Was den im Klagewege verfolgten Wunsch der Mieter anbelangt, die Vermieterin zur Beseitigung der Karrgeräusche am Parkett zu verpflichten, hat der BGH folgendes ausgeführt (verkürzt dargestellt):

Der Zustand, in dem der Vermieter dem Mieter eine Wohnung zu überlassen hat, bestimmt sich mangels gegenteiliger Vereinbarung nach der Verkehrsanschauung, die maßgeblich durch das Baualter des Gebäudes sowie durch die weiteren oben erwähnten Merkmale geprägt wird.

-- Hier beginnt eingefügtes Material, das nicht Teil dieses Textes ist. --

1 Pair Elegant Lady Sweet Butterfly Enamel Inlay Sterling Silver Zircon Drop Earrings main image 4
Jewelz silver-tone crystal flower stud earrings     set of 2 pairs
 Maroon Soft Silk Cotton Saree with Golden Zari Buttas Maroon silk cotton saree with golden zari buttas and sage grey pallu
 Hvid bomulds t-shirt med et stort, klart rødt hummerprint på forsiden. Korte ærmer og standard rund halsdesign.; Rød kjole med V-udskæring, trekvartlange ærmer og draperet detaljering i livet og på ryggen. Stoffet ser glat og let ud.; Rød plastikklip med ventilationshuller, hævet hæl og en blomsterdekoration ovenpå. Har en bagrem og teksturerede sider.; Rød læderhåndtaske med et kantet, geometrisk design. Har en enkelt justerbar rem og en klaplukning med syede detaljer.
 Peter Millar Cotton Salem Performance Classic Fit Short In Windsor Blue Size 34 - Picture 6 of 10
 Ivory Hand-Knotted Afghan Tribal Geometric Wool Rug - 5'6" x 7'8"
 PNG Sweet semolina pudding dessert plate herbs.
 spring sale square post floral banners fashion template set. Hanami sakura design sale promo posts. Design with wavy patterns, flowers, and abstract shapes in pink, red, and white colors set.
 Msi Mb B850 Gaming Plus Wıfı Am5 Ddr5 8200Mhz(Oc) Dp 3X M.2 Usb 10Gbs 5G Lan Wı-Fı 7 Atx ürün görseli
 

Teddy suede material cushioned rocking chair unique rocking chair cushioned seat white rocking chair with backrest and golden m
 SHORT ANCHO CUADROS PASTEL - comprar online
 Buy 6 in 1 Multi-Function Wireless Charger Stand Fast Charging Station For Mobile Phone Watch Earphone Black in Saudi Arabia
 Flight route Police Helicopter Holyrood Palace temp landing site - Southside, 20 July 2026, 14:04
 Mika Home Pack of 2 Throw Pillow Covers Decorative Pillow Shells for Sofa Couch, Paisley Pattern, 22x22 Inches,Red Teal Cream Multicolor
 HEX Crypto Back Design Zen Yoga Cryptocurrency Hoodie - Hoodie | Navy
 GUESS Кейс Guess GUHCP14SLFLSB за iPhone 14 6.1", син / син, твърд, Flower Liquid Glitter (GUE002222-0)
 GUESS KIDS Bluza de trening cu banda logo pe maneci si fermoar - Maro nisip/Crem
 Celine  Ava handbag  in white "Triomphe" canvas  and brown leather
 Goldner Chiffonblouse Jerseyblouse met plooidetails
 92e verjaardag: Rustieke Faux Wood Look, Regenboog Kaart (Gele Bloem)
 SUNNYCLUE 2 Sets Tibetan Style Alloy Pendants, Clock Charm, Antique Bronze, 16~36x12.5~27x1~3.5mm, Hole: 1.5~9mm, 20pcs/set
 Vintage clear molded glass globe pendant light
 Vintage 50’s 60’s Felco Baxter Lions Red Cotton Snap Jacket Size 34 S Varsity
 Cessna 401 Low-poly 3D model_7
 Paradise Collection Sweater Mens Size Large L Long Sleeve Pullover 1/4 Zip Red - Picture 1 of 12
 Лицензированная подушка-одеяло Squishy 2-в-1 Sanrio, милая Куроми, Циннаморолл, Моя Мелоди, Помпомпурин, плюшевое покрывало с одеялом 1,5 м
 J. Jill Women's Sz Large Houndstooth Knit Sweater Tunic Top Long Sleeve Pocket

Übernimmt ein Mieter eine nicht als saniert oder modernisiert angebotene Altbauwohnung, so kann er nur erwarten, dass diese Wohnung einem üblichen Standard vergleichbarer Wohnungen entspricht. Gewisse Unzulänglichkeiten einer Altbauwohnung, die allgemein verbreitet sind, hat ein Mieter damit hinzunehmen.

Dies gilt auch für Knarrgeräusche, die bei Benutzung eines älteren Parkettbodens entstehen. Dabei ist ohne Bedeutung, ob diese Geräusche durch normale Abnutzung oder durch unfachmännische Reparaturen des Parketts oder seiner Unterkonstruktion verursacht werden, solange sie sich von der Intensität her im üblichen zu erwartenden Umfang halten.